Task details -
When you reach the line with "Beat the Beast: Mighty Sphinx" in the listing below, write out that line and every one after it exactly, and skip the pictures.

Dataset section -
****

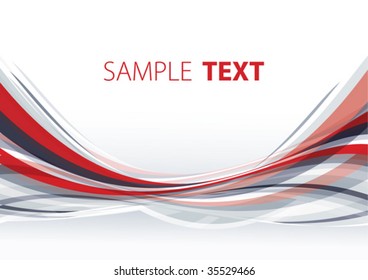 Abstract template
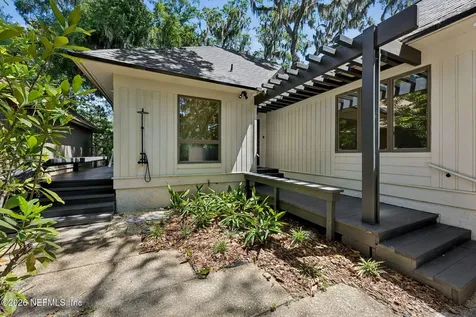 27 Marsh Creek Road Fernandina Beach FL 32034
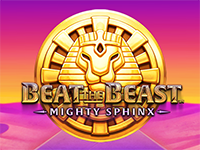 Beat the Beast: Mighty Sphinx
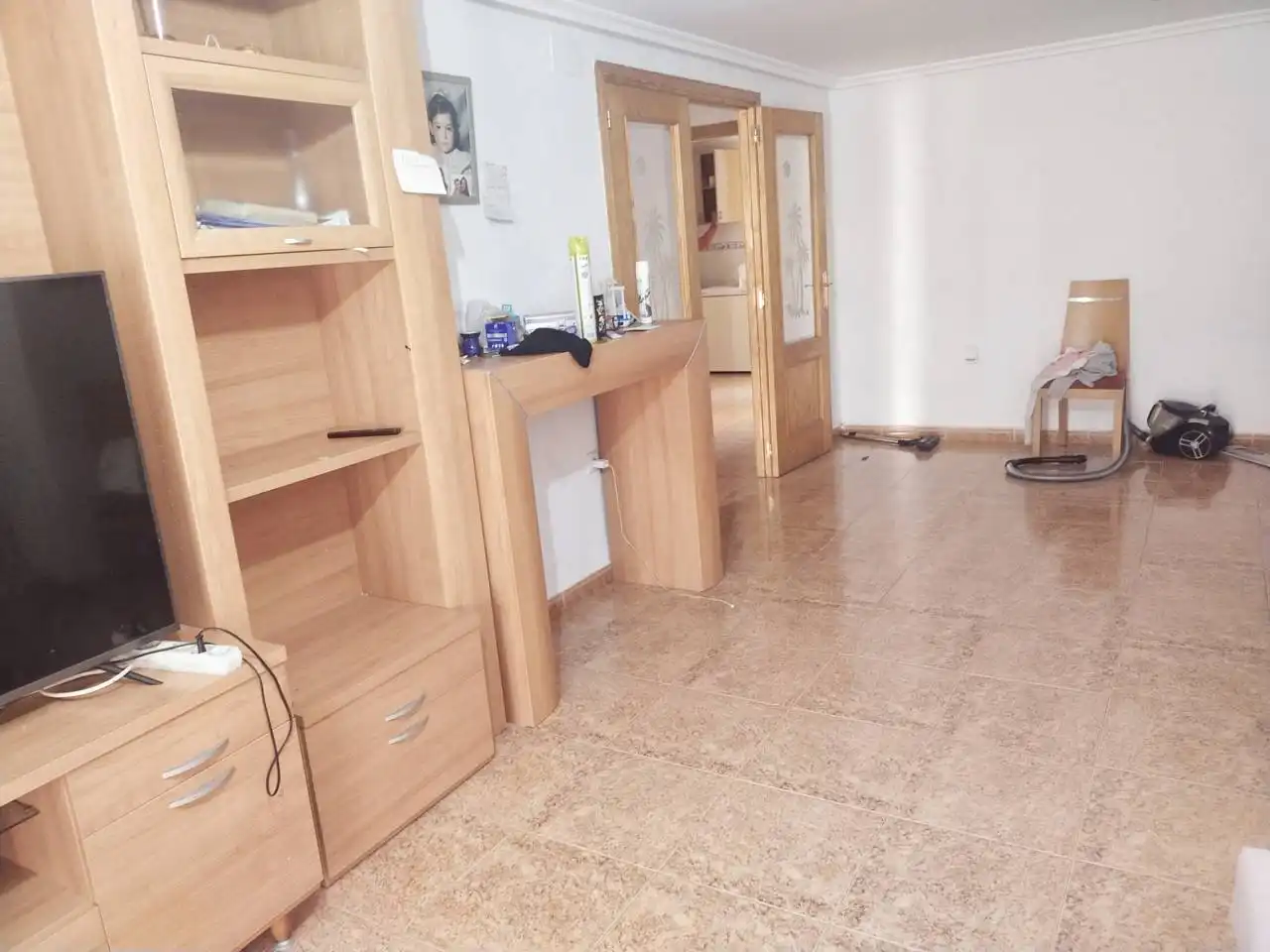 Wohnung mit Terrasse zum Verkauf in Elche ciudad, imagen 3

****

Your response -
 Beat the Beast: Mighty Sphinx
 Wohnung mit Terrasse zum Verkauf in Elche ciudad, imagen 3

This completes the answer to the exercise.